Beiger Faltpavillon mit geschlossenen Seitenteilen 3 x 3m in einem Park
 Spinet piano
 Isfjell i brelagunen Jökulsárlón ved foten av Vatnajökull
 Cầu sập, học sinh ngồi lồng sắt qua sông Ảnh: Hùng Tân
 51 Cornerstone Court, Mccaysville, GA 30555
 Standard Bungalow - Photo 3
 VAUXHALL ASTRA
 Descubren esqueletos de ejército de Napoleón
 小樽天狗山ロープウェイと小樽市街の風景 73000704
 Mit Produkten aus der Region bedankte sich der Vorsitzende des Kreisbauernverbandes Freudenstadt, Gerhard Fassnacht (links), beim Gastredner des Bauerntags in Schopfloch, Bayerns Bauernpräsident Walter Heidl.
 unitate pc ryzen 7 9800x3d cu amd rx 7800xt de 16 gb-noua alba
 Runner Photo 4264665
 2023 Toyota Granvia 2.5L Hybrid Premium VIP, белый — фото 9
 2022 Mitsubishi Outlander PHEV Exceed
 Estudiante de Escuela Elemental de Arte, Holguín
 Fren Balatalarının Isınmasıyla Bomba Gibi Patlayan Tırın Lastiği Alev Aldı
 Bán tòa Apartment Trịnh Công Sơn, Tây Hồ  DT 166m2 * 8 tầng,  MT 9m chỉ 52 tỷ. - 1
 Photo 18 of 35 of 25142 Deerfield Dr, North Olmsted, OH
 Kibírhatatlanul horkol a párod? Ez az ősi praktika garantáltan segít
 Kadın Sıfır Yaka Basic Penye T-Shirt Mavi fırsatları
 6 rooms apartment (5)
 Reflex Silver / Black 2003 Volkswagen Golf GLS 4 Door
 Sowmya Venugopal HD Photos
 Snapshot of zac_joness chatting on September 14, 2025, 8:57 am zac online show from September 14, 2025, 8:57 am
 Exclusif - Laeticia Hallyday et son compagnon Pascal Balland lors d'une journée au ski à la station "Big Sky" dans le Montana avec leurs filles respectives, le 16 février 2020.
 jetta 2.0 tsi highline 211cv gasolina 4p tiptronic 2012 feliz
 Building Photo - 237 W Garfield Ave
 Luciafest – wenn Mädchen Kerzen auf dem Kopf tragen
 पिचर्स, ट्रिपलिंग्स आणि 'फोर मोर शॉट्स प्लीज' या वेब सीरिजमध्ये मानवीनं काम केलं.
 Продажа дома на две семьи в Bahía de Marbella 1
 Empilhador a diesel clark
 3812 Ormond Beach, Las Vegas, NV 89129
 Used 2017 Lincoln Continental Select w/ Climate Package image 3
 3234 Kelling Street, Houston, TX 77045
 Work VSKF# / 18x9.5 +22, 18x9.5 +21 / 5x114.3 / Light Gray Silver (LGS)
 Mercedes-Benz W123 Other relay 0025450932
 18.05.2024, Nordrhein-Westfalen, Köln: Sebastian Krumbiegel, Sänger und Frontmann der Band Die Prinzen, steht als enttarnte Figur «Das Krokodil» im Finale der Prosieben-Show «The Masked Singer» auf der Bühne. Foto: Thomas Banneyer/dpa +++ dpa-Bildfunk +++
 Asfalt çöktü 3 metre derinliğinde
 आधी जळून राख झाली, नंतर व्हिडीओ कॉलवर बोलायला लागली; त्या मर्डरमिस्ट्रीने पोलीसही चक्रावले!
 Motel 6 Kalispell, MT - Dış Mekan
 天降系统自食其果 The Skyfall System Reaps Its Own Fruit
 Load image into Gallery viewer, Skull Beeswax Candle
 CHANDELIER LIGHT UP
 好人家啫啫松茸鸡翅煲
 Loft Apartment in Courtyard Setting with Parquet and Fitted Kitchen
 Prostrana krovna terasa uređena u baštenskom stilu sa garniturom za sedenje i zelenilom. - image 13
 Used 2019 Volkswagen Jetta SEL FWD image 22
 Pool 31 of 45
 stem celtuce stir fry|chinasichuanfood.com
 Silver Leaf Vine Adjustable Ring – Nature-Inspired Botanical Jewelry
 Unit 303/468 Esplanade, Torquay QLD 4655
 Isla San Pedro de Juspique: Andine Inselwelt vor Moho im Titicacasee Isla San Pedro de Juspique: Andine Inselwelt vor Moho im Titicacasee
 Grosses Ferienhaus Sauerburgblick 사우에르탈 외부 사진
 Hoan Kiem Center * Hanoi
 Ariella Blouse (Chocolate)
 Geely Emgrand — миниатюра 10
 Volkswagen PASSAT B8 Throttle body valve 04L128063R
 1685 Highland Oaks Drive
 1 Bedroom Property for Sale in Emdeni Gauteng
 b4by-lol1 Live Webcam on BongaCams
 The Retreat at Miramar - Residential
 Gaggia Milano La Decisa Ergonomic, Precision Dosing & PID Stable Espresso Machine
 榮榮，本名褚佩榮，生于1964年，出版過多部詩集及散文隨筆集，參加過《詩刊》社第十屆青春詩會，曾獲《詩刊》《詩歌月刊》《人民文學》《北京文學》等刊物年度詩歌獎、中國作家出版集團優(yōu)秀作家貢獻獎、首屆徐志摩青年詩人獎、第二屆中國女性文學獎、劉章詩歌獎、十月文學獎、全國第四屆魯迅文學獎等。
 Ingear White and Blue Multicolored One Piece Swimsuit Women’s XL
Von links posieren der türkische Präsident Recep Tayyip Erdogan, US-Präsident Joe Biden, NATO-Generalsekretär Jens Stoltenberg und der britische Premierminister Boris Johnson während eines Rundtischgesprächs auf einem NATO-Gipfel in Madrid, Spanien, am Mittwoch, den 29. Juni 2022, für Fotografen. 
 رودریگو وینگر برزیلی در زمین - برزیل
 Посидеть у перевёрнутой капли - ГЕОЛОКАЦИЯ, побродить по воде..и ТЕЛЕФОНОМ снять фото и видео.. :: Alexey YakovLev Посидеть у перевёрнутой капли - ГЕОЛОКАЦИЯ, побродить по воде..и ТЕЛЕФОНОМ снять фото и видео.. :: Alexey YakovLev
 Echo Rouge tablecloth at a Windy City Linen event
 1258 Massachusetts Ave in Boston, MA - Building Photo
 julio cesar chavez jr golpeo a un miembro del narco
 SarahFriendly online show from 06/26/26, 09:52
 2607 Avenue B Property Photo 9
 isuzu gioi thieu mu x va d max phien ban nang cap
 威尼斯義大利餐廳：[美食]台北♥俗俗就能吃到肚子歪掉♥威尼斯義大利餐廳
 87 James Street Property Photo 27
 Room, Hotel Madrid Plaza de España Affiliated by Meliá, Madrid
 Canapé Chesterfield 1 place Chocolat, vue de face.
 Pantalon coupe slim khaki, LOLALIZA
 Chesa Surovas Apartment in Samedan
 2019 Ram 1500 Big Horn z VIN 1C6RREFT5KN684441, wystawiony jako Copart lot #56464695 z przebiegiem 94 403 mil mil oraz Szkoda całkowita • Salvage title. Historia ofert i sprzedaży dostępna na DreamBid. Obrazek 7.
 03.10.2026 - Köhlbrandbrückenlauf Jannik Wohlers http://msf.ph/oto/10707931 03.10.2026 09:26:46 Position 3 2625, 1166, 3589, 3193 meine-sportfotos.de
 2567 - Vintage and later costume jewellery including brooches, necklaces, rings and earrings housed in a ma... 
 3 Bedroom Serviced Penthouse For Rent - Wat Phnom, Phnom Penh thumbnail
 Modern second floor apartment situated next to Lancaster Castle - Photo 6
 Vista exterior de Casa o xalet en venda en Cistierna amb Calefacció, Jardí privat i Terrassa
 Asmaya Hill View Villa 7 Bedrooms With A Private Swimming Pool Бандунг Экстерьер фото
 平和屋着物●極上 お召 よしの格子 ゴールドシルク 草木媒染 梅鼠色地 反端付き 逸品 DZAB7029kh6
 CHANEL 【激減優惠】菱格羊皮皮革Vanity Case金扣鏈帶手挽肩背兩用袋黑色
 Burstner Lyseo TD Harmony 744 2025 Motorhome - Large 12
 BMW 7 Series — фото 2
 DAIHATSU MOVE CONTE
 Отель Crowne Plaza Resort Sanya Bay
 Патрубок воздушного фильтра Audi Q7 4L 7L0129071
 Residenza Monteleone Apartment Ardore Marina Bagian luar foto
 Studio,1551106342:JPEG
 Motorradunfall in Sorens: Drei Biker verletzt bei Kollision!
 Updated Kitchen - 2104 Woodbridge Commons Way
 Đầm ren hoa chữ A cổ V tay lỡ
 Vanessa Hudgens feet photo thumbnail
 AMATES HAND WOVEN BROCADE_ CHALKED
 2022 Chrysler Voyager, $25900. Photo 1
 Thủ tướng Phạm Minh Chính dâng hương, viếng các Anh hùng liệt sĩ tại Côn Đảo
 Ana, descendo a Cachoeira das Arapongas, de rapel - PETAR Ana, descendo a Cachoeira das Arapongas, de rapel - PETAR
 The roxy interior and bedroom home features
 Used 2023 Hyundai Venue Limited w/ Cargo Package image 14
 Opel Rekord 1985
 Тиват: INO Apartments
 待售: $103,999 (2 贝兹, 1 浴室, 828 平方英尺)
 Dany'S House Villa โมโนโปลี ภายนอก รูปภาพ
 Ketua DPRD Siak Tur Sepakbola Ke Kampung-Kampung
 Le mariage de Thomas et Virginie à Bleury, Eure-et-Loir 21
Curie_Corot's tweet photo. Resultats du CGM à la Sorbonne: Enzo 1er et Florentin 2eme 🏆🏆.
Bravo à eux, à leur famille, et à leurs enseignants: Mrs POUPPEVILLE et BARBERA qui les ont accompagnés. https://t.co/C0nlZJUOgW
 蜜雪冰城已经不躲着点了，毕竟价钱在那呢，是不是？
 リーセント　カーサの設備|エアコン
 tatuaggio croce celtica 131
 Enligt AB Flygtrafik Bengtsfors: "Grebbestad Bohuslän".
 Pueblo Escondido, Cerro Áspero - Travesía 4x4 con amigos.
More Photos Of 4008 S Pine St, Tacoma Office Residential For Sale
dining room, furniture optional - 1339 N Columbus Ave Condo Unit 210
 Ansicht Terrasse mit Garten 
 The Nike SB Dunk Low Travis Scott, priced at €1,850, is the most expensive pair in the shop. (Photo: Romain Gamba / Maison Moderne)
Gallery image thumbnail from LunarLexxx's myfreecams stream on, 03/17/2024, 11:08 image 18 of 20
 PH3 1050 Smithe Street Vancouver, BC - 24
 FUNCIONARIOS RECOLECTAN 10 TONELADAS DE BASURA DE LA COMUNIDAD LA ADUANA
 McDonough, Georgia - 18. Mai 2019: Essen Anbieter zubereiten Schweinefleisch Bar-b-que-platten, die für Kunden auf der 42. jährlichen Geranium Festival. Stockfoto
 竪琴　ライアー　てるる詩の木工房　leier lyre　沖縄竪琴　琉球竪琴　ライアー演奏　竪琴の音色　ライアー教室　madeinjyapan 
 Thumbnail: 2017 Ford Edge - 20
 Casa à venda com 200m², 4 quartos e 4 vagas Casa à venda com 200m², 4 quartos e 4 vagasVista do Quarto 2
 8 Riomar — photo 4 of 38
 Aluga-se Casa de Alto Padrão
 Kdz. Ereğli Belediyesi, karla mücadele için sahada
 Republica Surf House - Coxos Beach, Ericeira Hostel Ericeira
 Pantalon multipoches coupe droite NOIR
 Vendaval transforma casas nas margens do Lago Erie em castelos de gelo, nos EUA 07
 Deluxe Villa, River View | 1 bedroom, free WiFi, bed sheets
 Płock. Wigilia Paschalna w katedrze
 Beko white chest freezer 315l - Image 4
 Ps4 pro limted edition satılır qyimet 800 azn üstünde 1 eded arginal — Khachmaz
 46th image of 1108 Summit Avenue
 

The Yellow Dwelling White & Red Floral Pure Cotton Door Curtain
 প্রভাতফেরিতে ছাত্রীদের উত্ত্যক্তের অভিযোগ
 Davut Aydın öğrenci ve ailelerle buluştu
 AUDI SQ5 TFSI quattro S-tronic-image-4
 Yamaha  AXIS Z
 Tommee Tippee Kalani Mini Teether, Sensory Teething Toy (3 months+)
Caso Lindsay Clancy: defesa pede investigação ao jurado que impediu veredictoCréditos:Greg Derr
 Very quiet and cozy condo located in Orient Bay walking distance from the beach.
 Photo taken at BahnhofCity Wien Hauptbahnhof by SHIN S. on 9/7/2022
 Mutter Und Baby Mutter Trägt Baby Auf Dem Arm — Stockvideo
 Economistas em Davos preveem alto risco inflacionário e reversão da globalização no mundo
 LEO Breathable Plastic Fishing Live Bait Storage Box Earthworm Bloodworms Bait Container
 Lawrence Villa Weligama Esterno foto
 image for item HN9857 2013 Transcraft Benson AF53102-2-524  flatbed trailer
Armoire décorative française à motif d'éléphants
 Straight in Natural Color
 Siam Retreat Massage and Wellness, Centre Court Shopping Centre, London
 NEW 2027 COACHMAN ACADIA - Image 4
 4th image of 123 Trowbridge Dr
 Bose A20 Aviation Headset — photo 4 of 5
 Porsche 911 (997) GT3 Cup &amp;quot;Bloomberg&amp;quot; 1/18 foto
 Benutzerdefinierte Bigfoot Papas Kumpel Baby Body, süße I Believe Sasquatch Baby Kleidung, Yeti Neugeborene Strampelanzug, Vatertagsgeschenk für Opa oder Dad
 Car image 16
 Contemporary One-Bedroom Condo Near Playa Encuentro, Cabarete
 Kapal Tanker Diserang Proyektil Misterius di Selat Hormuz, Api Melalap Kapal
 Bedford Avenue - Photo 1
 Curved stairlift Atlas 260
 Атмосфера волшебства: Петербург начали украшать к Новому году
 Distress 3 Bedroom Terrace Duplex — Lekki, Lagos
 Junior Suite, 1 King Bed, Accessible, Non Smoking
##########
If a line falls between the first line of the data above and the line holding "unitate pc ryzen", inclusive, retype it exactly; retype no other line.

Beiger Faltpavillon mit geschlossenen Seitenteilen 3 x 3m in einem Park
 Spinet piano
 Isfjell i brelagunen Jökulsárlón ved foten av Vatnajökull
 Cầu sập, học sinh ngồi lồng sắt qua sông Ảnh: Hùng Tân
 51 Cornerstone Court, Mccaysville, GA 30555
 Standard Bungalow - Photo 3
 VAUXHALL ASTRA
 Descubren esqueletos de ejército de Napoleón
 小樽天狗山ロープウェイと小樽市街の風景 73000704
 Mit Produkten aus der Region bedankte sich der Vorsitzende des Kreisbauernverbandes Freudenstadt, Gerhard Fassnacht (links), beim Gastredner des Bauerntags in Schopfloch, Bayerns Bauernpräsident Walter Heidl.
 unitate pc ryzen 7 9800x3d cu amd rx 7800xt de 16 gb-noua alba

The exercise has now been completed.